Originally Posted by AmericanElizabeth
Good article Kathy.
I have to share my thoughts about something. In the past two years, we lived in an duplex, inside a complex, where gangs were slowly taking over and making things stressful. We had been trying, in our limited backyard space, to garden and raise our own chickens and eggs. The city stepped in and took away our ability to raise any chickens, via our snotty neighbors (who complained and continued to snoop over the fence afterwards and harass). We continued gardening, but last years weather left us with little to show for it (the yard was surrounded by trees and made it doubly difficult to grow already).
We talked of our desire to have a "farm" like situation, where we were free from intervention of city, or complainy snotty neighbors, and free from the stress of where we lived. Long story short, in November, we got it, and it happened rather quickly. We have a very inexpensive house rental right now, but, it is on about two acres, with a well, and outside of city limits, as well, in the country, farmland, near a river full of fish in spring and fall.
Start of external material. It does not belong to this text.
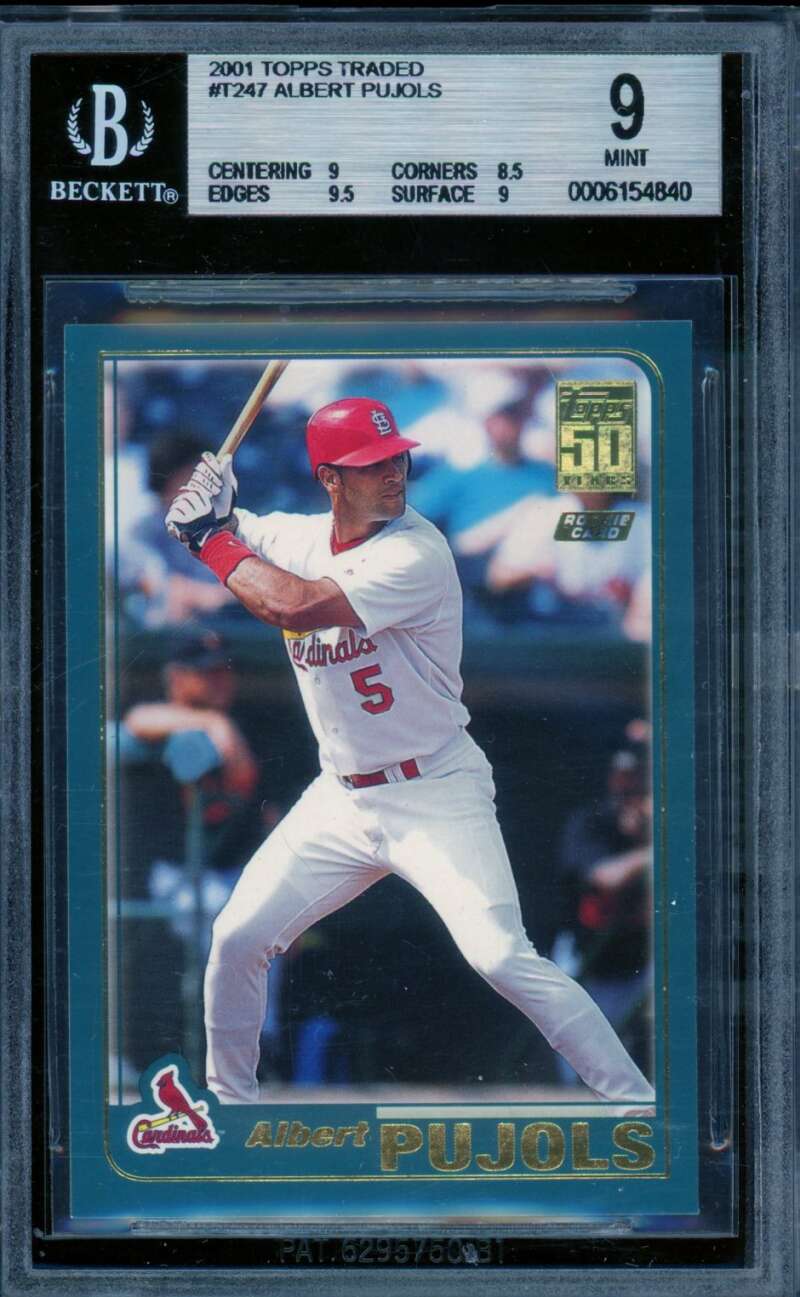 Albert Pujols Rookie Card 2001 Topps Traded #T247 BGS 9 Image 1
I firmly believe our nation is coming to a point where we will all have to learn to take care of our families again, like it used to be, and this place has afforded us an opportunity to do just that. I have to say I believe it was "Providence" (the old-fashioned term for Gods will). God getting us out here in order to be able to do what was needed. I say this as we have had offer after offer, of livestock. Eighteen chickens (we had eight already, kept ten out of the eighteen) for eggs, a male rabbit, and soon to be a female, for meat rabbit breeding (and of course we added some chickens for meat, they are inexpensive when raised form chicks). Seemingly all the things we had hoped to be able to do, has been happening.
I suppose the one we are lacking is a milk cow, but unfortunately, we can't keep a large animal on this plot, though it is possible to find someone who will "board" it for us..... :wink:
We decided to take the opportunity we were given, to do as much as possible to become free of the contrived and corrupted markets. It will one day all fall around us like a house of cards, and I think Americans need to be at least versed in their ability to grow their own foods. Though I admit, many in my family are feeling squeemish about "meat rabbits", I assured them rabbits have been a source of protein for people for thousands of years, we're not doing anything shocking or ground breaking (to be honest all of our "poultry" is taken down the road to a family run business where they are processed in a sanitary and correct way).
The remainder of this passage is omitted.